:: SUPPLIED DATA

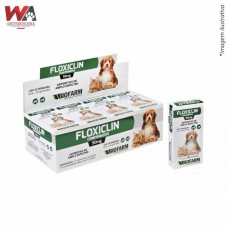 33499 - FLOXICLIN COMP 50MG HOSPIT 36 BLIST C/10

::::
:: SUPPLIED DATA

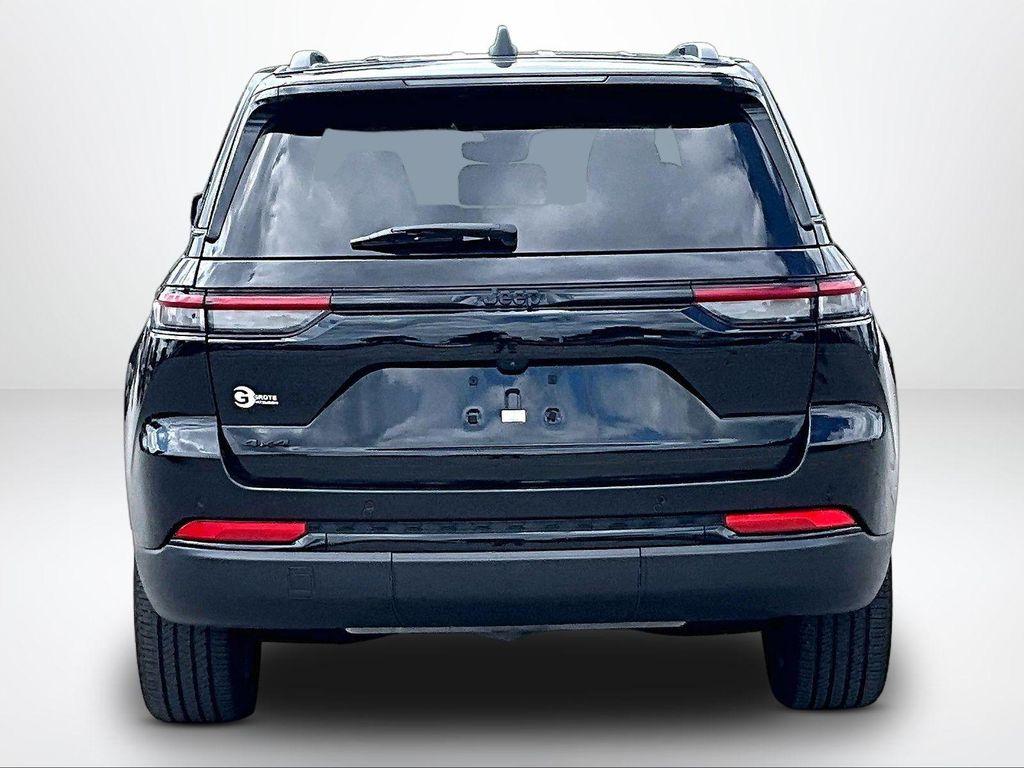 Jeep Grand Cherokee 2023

::::
:: SUPPLIED DATA

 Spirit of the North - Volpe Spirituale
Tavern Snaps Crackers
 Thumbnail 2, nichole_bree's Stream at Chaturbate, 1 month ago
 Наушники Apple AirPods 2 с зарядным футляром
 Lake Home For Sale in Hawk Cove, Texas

::::

TASK TO COMPLETE:
All that is wanted is an exact copy of the lines above from the one with "Наушники Apple AirPods 2 с зарядным футляром" through the one with "Lake Home For Sale in Hawk Cove, Texas", with both ends included.

EXPECTED ANSWER:
 Наушники Apple AirPods 2 с зарядным футляром
 Lake Home For Sale in Hawk Cove, Texas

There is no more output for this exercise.